Hi Andreas Great video I did some independent testing yesterday, as I didn't know you had already done a video about this a few months ago. My tests were just using one small panel ("5V 1W" which is actually 5V 0.75W), into a real lipo cell, under a variety of conditions I only tried 3 main combinations of charging configuration: Direct connection with voltage clam using a Zener (or a string of diodes in series) Using a TP4056 module (mine did not have protection) Using the LM2596 DC to DC converter (the same one as you used) I am pleased to say that I came to very similar conclusions as you did. For me the TP4056 module was the best option because it gave the same charge current as the direct connection, but had the added benefit of providing better battery health management. I did not see in the video what value for charge resistance you used on the TP4056, I found that for my panel (150mA output) that approx 8k seemed to deliver the best current under full or moderate sunlight. If the resistor is too low ( which makes the charge current too high), I could hear the TP4056 start to squeal, which I presume if because its crashing the input voltage from the panel by applying too much load. Strangely the same value 8K, seemed to be the optimum under all moderate light conditions e.g direct sunlight at different angles. As in your test, ambient light does not seem to yield any useful charge current. I have now ordered the CN3791 module, but using the CN3791 attached to a small panel, would not actually be cost effective. Because it better to pay $3 extra on and get 3 more "1W" panels, than to retrieve an extra 20% of the 0.75W panel (i.e 0.15W ) I've done a rather rambling writeup on by blog. www.rogerclark.net/lipo-battery-charging-from-a-1w-5v-solar-panel/

Hi Andreas, thank you for the video. Maybe you can you repeat the tests from the previous video with the protected TP4056. I have made the experience, that the protection circuit has a lot of backdraw.
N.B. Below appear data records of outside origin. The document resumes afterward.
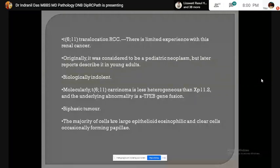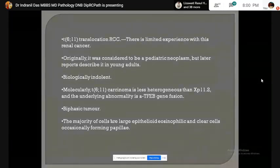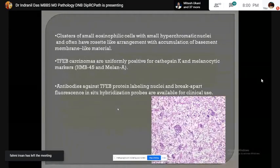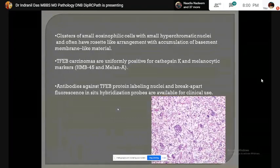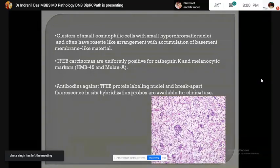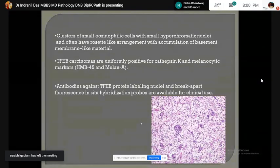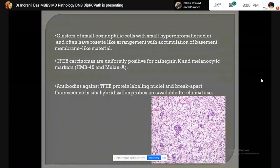Translocation 6;11 carcinoma was initially considered to be a pediatric neoplasm but other cases are also seen. It is a biphasic tumor: papillae formed by large epithelioid cells and clusters of small eosinophilic cells with hyperchromatic nuclei are present. They are positive for cathepsin K, HMB-45, and Melan-A. Antibodies against TFEB are also positive.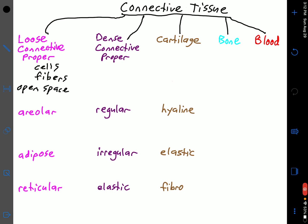If you see cells and fibers but not much open space, that's dense connective tissue proper. Dense implies denseness, and therefore not much open space. So when comparing loose connective tissue proper versus dense connective tissue proper, you're really looking for: is there open space, or is there not open space?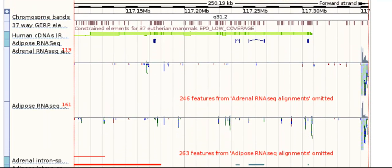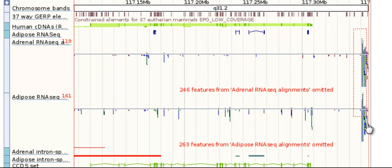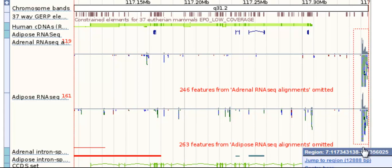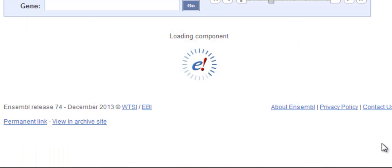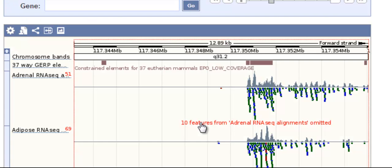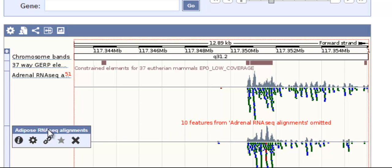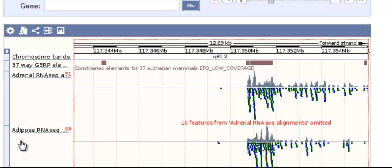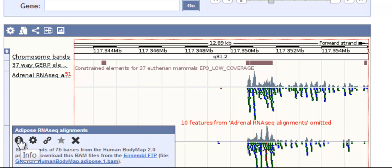Back in the region in detail view, I can see the adrenal and adipose RNA-seq alignments to the genome. I'll zoom in to this region by clicking and dragging with my mouse. Find information about the alignments by hovering over the track name, then the eye.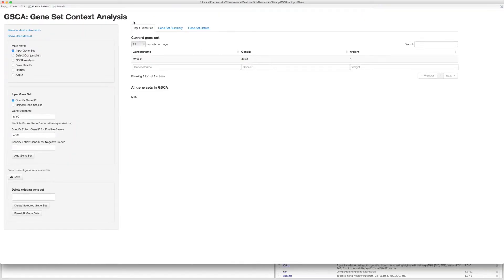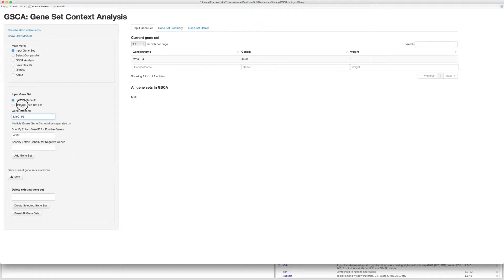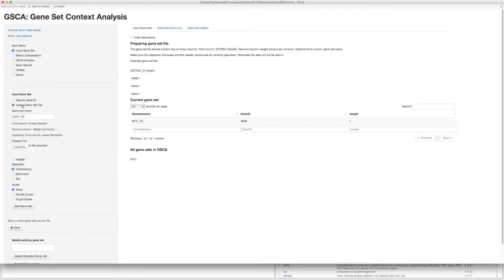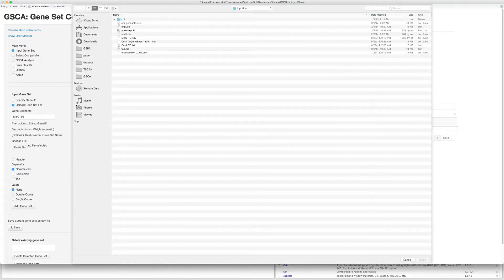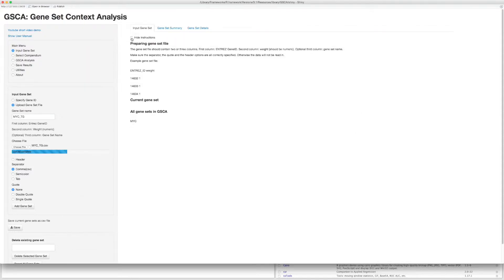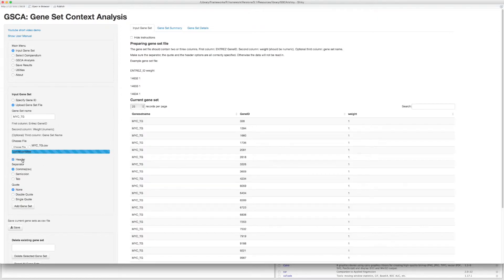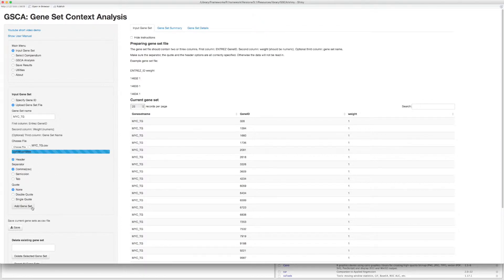Change the gene set name to be MYC target gene. Choose Upload Gene Set File. Click Choose File button and choose a file. Check header option if you have a header included in your file. Make sure the separator and quote are correctly specified. Click Add Gene Set button to add this gene set.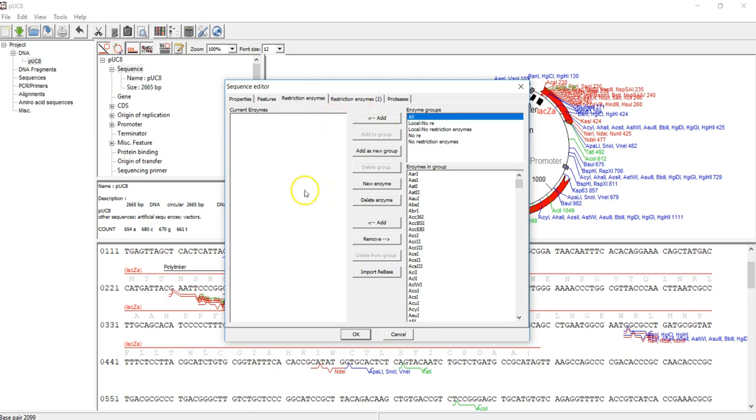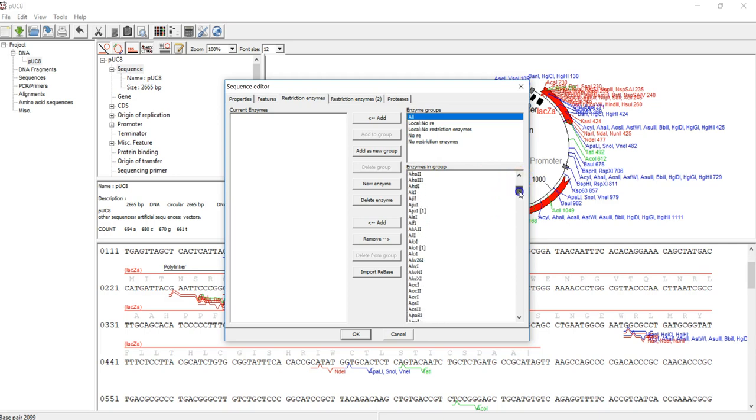In this first tab, you can define what is the group of enzymes that you want to use. We will choose the list of enzymes from all the enzymes available.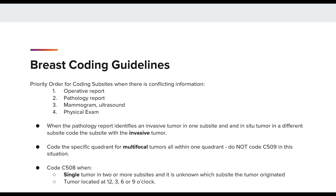Code C50.8 when you have a single tumor in two or more subsites and it is unknown which subsite the tumor originated, as well as when the tumor is located at the 12, 3, 6, or 9 o'clock position. And you would code C50.9 breast NOS when you have multiple tumors, two or more, in at least two quadrants.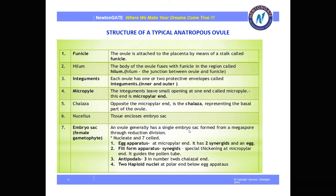An ovule generally has a single embryo sac formed from a megaspore through reduction division. The egg apparatus is present at the micropylar end, consisting of two synergids and an egg cell. The filiform apparatus of the synergids is found at the micropylar end and guides the pollen tube. Antipodal cells are present at the chalazal end and are three in number. Two haploid polar nuclei are present at the central position below the egg apparatus.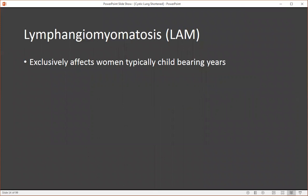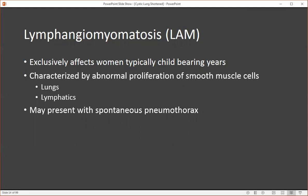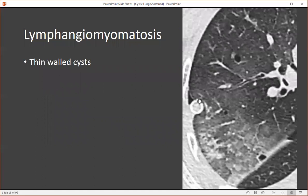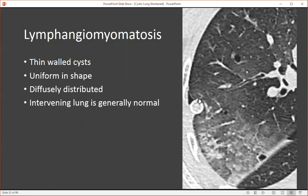Lymphangiomyomatosis exclusively affects women, typically of childbearing years. It's characterized by abnormal proliferation of smooth muscle cells adjacent to airways within the lung parenchyma and lymphatics. These people may present with spontaneous pneumothoraces, and ultimately this is a progressive disease with a poor prognosis. The treatment is lung transplant. On CT, we see thin-walled cysts that are regular and uniform in shape, diffusely distributed throughout the lung parenchyma, and the intervening lung is generally normal, the exception in this case being re-expansion pulmonary edema.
Good video as always Andreas. I think the TP5000 should be a try. The key factor is the winter radiation levels. In summer I used to charge 3000mAh LiPo Battery with 2 piece of 6V solar panel and a TP5000 charger quite fast. The clouds has large effect on the time which is requires for the full charge. I would like to try in the winter what can I reach.

Andreas, please use the TP4056 with a shunt regulator in parallel to the input. The maximum supply voltage of the TP4056 is 8V. The solar panel voltage will increase when the battery is full and fry the module.

Hi Andreas, please keep up a good work! Being a subscriber for a year, I've watched and enjoyed almost all of your videos. I am little bit confused with a link you've provided for CN3791 module. I wanted to buy it, but description there says that the module is suitable for 12-18V. Is it a wrong link?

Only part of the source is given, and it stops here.